Trump's fight with Democrats over their refusal to approve US$5.7 billion for the wall project has paralysed Washington, with the president retaliating by refusing to sign off on budgets for swaths of government departments unrelated to the row.

As a result, 800,000 federal employees including FBI agents, air traffic controllers and museum staff, did not receive paychecks Friday.

The three-week government shutdown was on the verge of becoming the longest on record: at midnight on Friday (0500 GMT Saturday) it will overtake the 21-day record set in 1995-1996, under president Bill Clinton.

But despite a stream of hints that he would imminently declare a national emergency and attempt to go around Congress, Trump told a White House meeting with state and local officials: "I'm not going to do it so fast."

Trump described an emergency declaration as the "easy way out" and said Congress had to step up to the responsibility of approving the US$5.7 billion.

"If they can't do it ..., I will declare a national emergency.

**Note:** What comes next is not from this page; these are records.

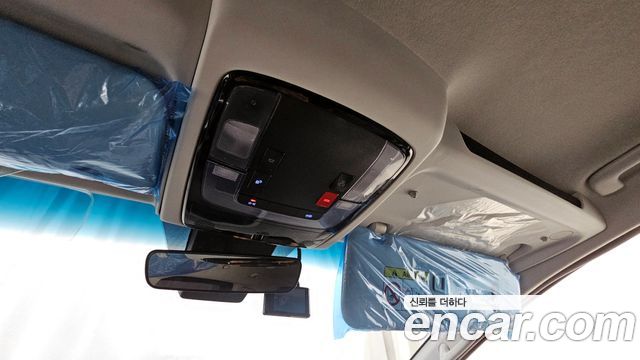 Hyundai Staria 4WD Tourer 9-Seater Modern 2023 — фото 19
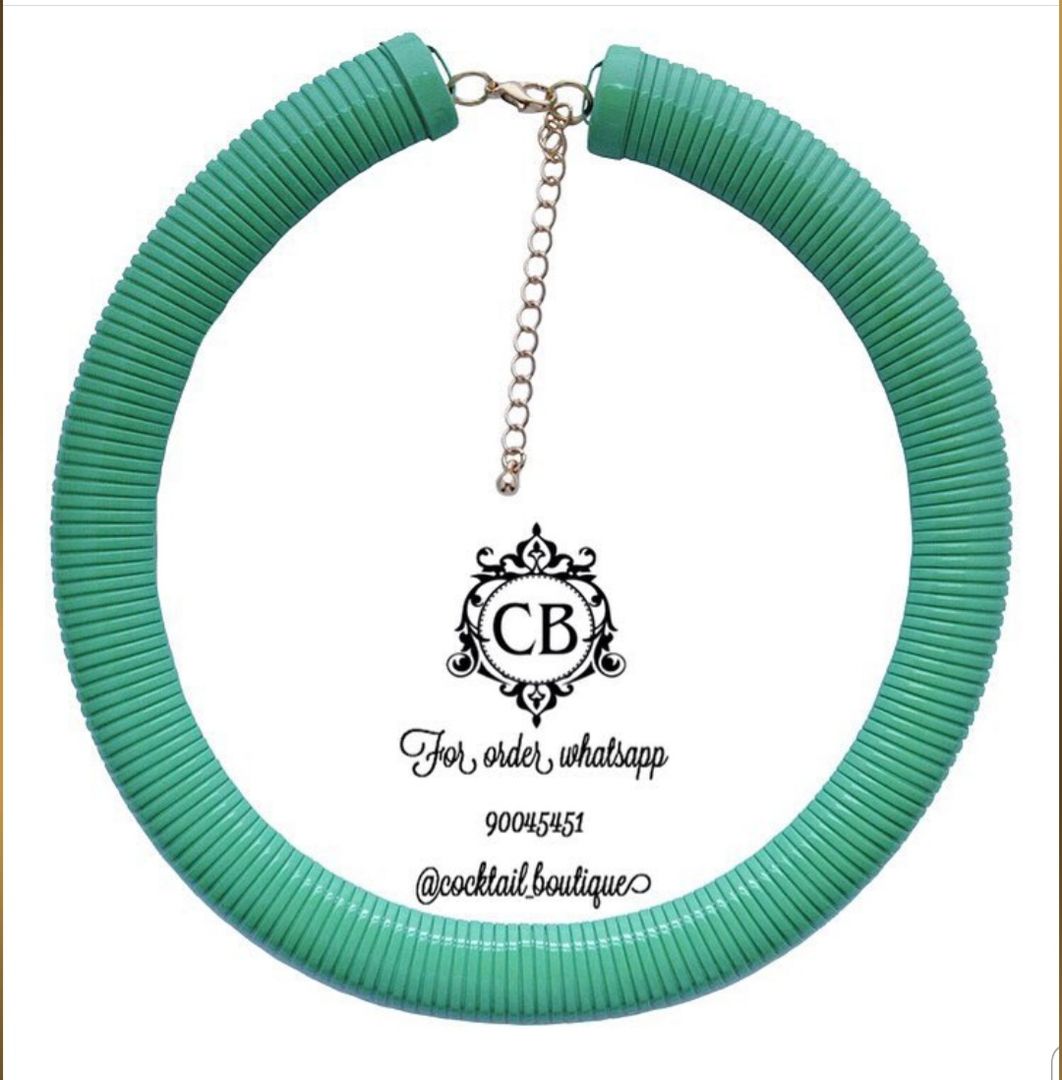 Spring design necklace
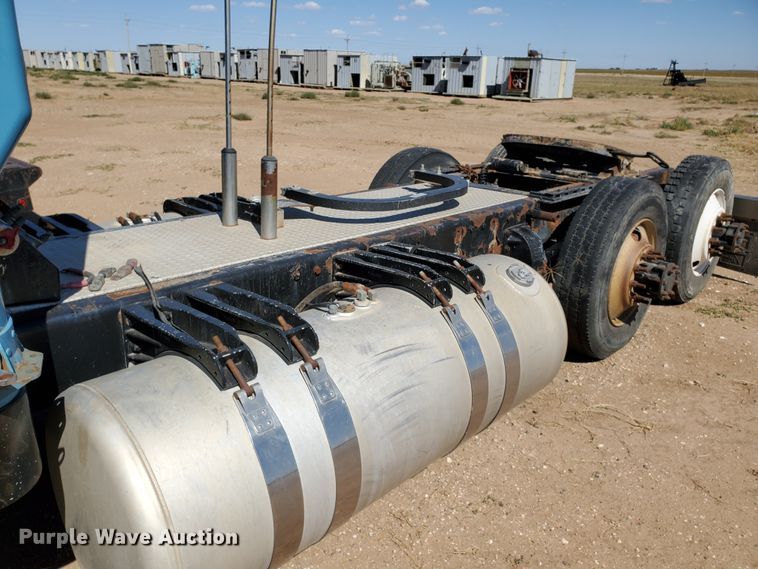 image for item DD0285 2001 Peterbilt 379  semi truck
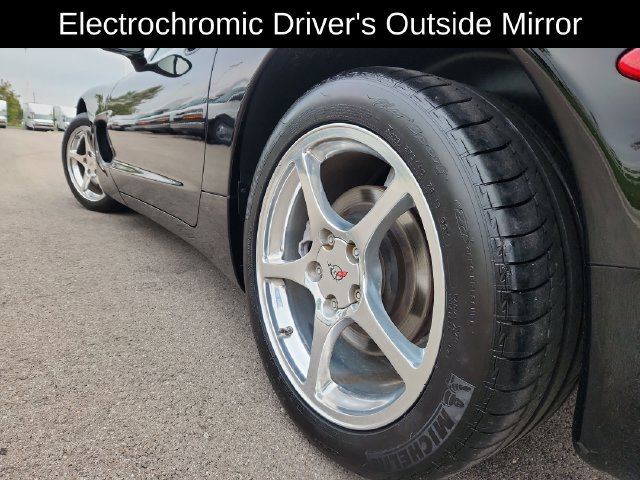 Used 2001 Chevrolet Corvette Convertible w/ Preferred Equipment Group2 RWD image 18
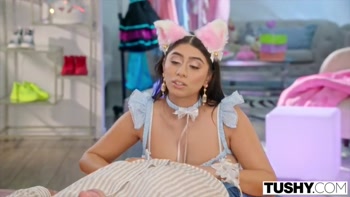 TUSHY Anime-loving Violet Myers first anal Tushy Debut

I have the absolute right," he insisted.

Until now, Trump had suggested numerous times that he was getting closer to taking the controversial decision.

Only minutes earlier, powerful Republican ally Senator Lindsey Graham tweeted after talks with Trump: "Mr. President, Declare a national emergency NOW."

It was not clear what made Trump change course.

But Trump himself acknowledged in the White House meeting that an attempt to claim emergency powers would likely end up in legal battles going all the way to the Supreme Court.

Opponents say that a unilateral move by the president over the sensitive border issue would be constitutional overreach and set a dangerous precedent in similar controversies.

'UNDER SIEGE'

The standoff has turned into a test of political ego, particularly for Trump, who came into office boasting of his dealmaking powers and making an aggressive border policy the keystone of his nationalist agenda.

Democrats, meanwhile, seem determined at all costs to prevent a president who relishes campaign rally chants of "build the wall!" from getting a win.

Both Democrats and Republicans agree that the US-Mexican frontier presents major challenges, ranging from the hyper-violent Mexican drug trade to the plight of asylum seekers and poor migrants seeking new lives in the world's richest country.

There's also little debate that border walls are needed: about a third of the frontier is already fenced off.

But Trump has turned his single-minded push for more walls into a political crusade seen by opponents as a stunt to stoke xenophobia in his right-wing voter base, while wilfully ignoring the border's complex realities.

For Trump, who visited the Texas border with Mexico on Thursday, the border situation amounts to an invasion by criminals that can only be solved by more walls.

"We have a country that's under siege," he told the local officials in the White House.

Some studies show that illegal immigrants generally commit fewer crimes than people born in the United States, although not everyone agrees on this.

More certain is that while narcotics do enter the country across remote sections of the border, most are sneaked through heavily guarded checkpoints in vehicles, the government's own Drug Enforcement Administration said in a 2017 report.

It said that most smuggling is done "through US ports of entry (POEs) in passenger vehicles with concealed compartments or commingled with legitimate goods on tractor trailers."

Nancy Pelosi, the Democratic leader in the House of Representatives and a key figure in opposing Trump's agenda, said money should be spent in many areas of border security, but not on walls.

"We need to look at the facts," she said.

But Trump accused the Democrats of only wanting to score points against him with a view to the 2020 presidential elections.

"They think, 'Gee, we can hurt Trump,'" he said. "The Democrats are just following politics."